> Response to Friend James: The point is not to ensure that everyone
> competes evenly. It is to question why the preference for bigness.
> One could just as reasonably ask why France and some other EEC
> nations have preferentially favored small farmers. We may find it
> silly, quaint, and perhaps even worthy of ridicule - but is our
> opposite approach any more rational or defensible? That is the point
> I am making.
I guess I didn't state my point well. My point is that size may make a
difference, but any farmer who goes head to head with an opponent who has
an advantage is foolish. Let me put it another way.

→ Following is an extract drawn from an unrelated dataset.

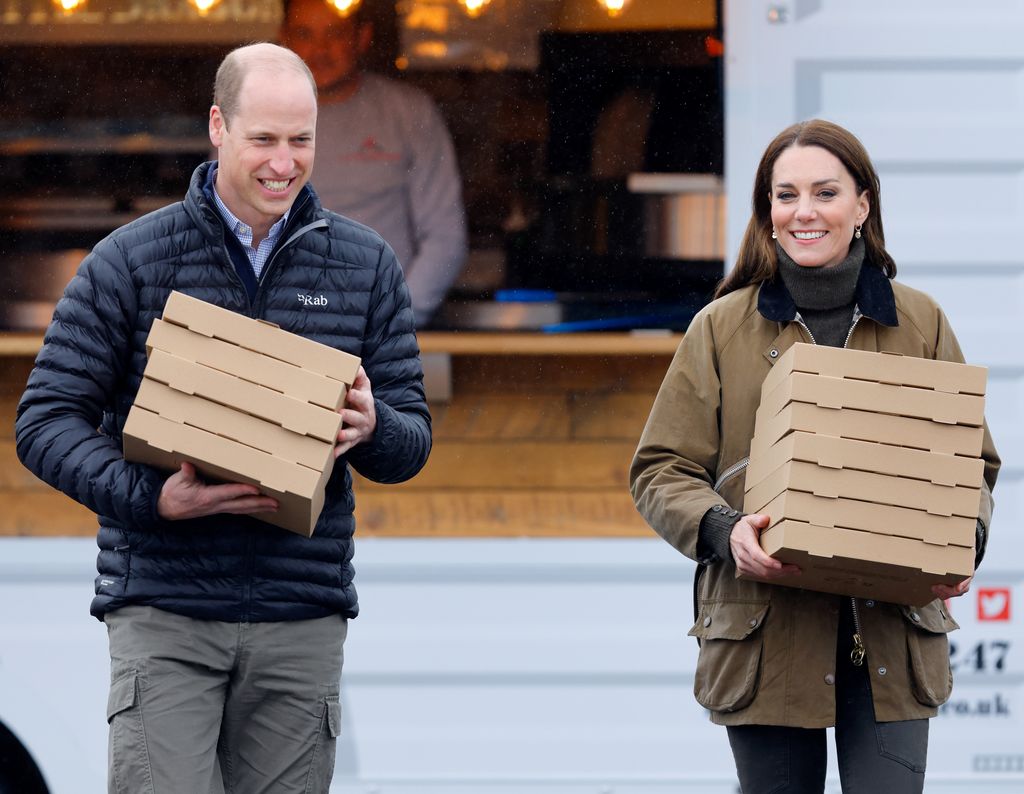 Guillermo y Kate durante su primera visita oficial a Gales tras la coronación de Carlos III, abril de 2023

It seems to me some
people are arguing that big and small farmers should both make a living
growign corn. I disagree. I think some farmers can make good money
growing corn, some can make money with a truck garden, and the wise
farmer does the things that are advantageous.
The small to medium farmer who thinks he can raise chickens in
competition with Tyson is fooling himself. That same farmer might make
money raising organic chickens,but the market risk is quite high.

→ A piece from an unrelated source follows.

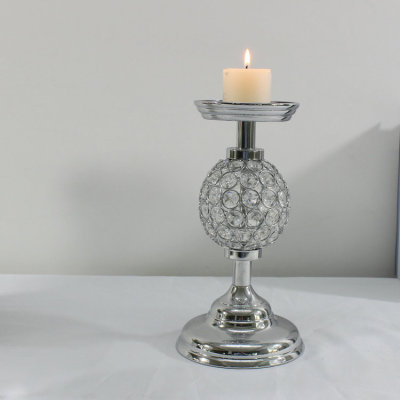 Crystal Candle Holder Ornaments European Crystal Candlestick Romantic Wedding Candlestick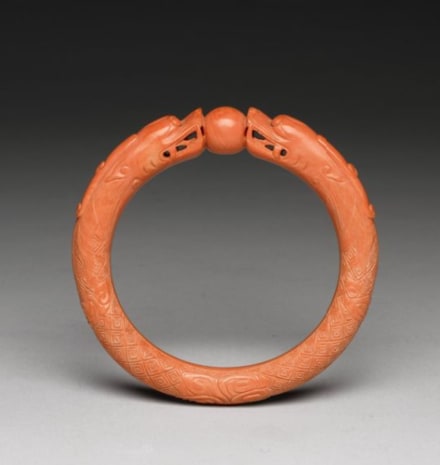 Precious coral bangle Qing dynasty (1644–1911) The National Palace Museum, Taipei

I don't believe that small farmers are the victim of some plot to
bigness. I think small farmers are a victim of failing to adapt. If the
same farmer operated a laundormat no one would be sorry for him if he
refused to offer window service, or special storage, or furs handling or
whatever laundromats do to stay in business.
Government favors bigness for a very simple reason. It's much easier to
regulate or accomodate bigness. It's standard. Big government, big
business, and big labor all are very happy bedfellows.
If I understand our mutal positions right, our main disagreements are
on point of size and how you assign value to an enterprise. I hear you
saying that size should not be an advantage. I say size is only a factor
if people with unequal opportunities are in the same business. If I
decided to make cars, the size of General Motors would be a factor. So,
if size is the decisive factor, it is my opinion that one party is in the
wrong enterprise and they're probably in it because they don't know to
change, are afraid to change, or can't afford to change. We should
address those items rather than the size.
Between my wife and I and our banker, money is at the bottom. If we
don't make enough, we lose the farm. Assigning societal values to parts
of the operation that don't generate a cash flow can lead to pursuing
priorities that are counter-productive because you lose the farm.
Sustainable agriculture must be economically viable. The farmer needs to
choose a product that will provide a living. Size is not the major issue
in this. Government policy slows down reaction and adaption by making
"big" crops viable to people who should be doing something else. Little
people trying to grow big crops overstress the ground. They should be
doing things that are more integrative and sustainable.
Too many farmers that I know want you to give them a good living doing
what they want to do, rather than earn a living growing what you need and
are willing to pay for.
Rational farm policy is hampered by this coddling and by myths about
rural life that aren't true.
Small farmers in France and Japan are potent political forces. Much more
than in the US. That is a major reason they are supported so well.